Rethinking Neanderthals
Research suggests the so-called brutes fashioned tools, buried their dead, maybe cared for the sick and even conversed. But why, if they were so smart, did they disappear?
- By Joe Alper
- Smithsonian magazine, June 2003, Subscribe
(Page 5 of 8)
I get a feel for Neanderthal handiwork in Maureille’s office, where plastic milk crates are stacked three high in front of his desk. They’re stuffed with plastic bags full of olive and tan flints from Les Pradelles. With his encouragement, I take a palm-size, D-shaped flint out of a bag. Its surface is scarred as though by chipping, and the flat side has a thin edge. I readily imagine I could scrape a hide with it or whittle a stick. The piece, Maureille says, is about 60,000 years old. “As you can see from the number of lithics we’ve found,” he adds, referring to the crates piling up in his office, “Neanderthals were prolific and accomplished toolmakers.”

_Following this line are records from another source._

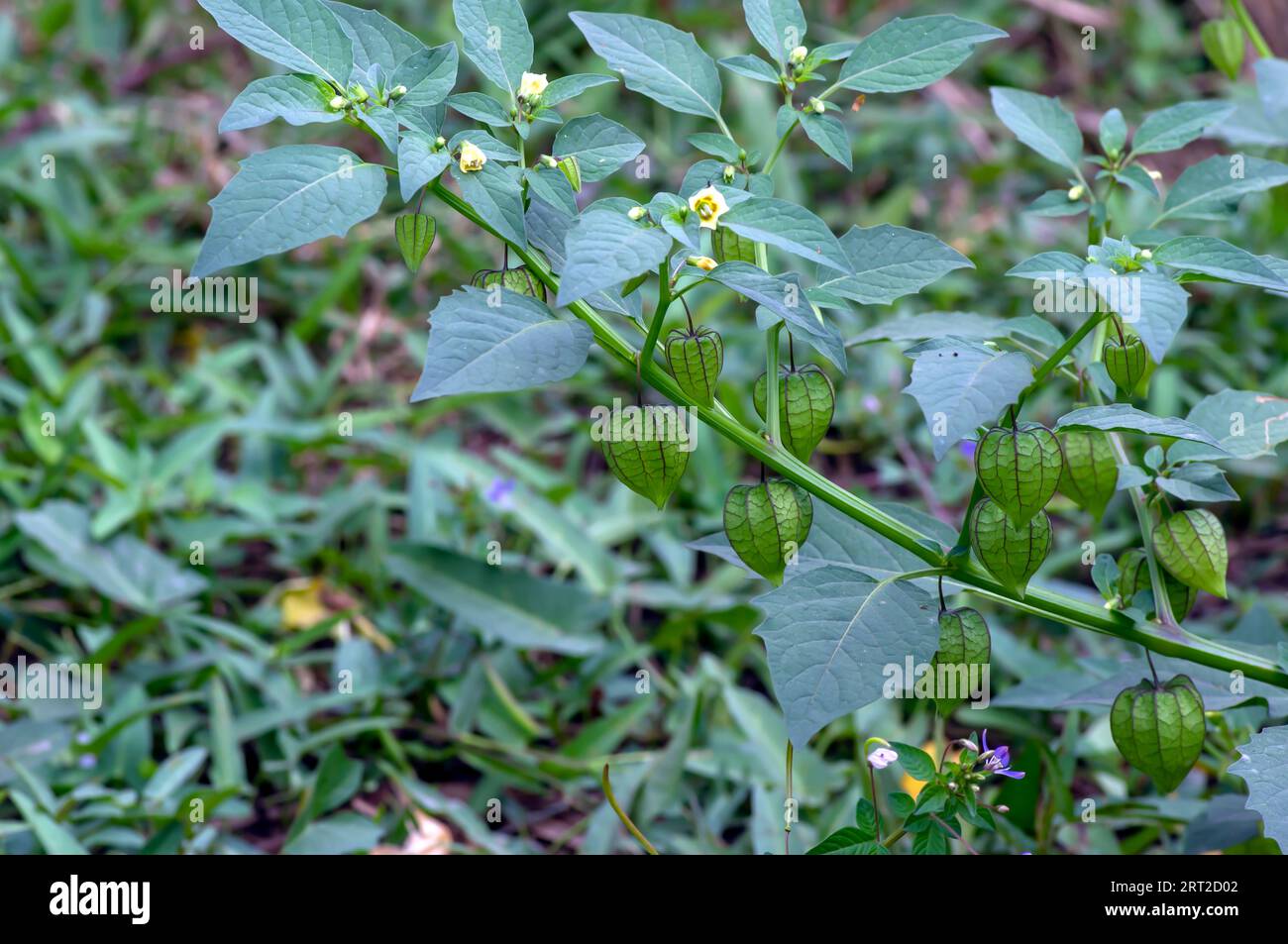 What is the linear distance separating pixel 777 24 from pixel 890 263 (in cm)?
24

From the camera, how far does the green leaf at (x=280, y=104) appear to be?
0.92 meters

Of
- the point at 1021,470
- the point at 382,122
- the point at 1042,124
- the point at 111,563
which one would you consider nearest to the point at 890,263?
the point at 1021,470

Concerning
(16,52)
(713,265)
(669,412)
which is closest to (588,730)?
(669,412)

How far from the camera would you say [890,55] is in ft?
3.55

Among the new approaches to Neanderthal study is what might be called paleo-mimicry, in which researchers themselves fashion tools to test their ideas. “What we do is make our own tools out of flint, use them as a Neanderthal might have, and then look at the fine detail of the cutting edges with a high-powered microscope,” explains Michael Bisson, chairman of anthropology at McGill University in Montreal. “Atool used to work wood will have one kind of wear pattern that differs from that seen when a tool is used to cut meat from a bone, and we can see those different patterns on the implements recovered from Neanderthal sites.” Similarly, tools used to scrape hide show few microscopic scars, their edges having been smoothed by repeated rubbing against skin, just as stropping a straight razor will hone its edge. As Kuhn, who has also tried to duplicate Neanderthal handicraft, says: “There is no evidence of really fine, precise work, but they were skilled in what they did.”
Based on the consistent form and quality of the tools found at sites across Europe and western Asia, it appears likely that Neanderthal was able to pass along his toolmaking techniques to others. “Each Neanderthal or Neanderthal group did not have to reinvent the wheel when it came to their technologies,” says Bisson.

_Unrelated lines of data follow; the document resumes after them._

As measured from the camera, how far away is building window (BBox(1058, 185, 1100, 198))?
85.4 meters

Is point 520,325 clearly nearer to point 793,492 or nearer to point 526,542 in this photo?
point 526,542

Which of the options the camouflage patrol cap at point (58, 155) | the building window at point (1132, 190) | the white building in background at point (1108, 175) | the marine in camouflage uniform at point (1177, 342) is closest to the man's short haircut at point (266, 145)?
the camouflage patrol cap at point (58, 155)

The kinds of tools that Neanderthals began making about 200,000 years ago are known as Mousterian, after the site in France where thousands of artifacts were first found. Neanderthals struck off pieces from a rock “core” to make an implement, but the “flaking” process was not random; they evidently examined a core much as a diamond cutter analyzes a rough gemstone today, trying to strike just the spot that would yield “flakes,” for knives or spear points, requiring little sharpening or shaping.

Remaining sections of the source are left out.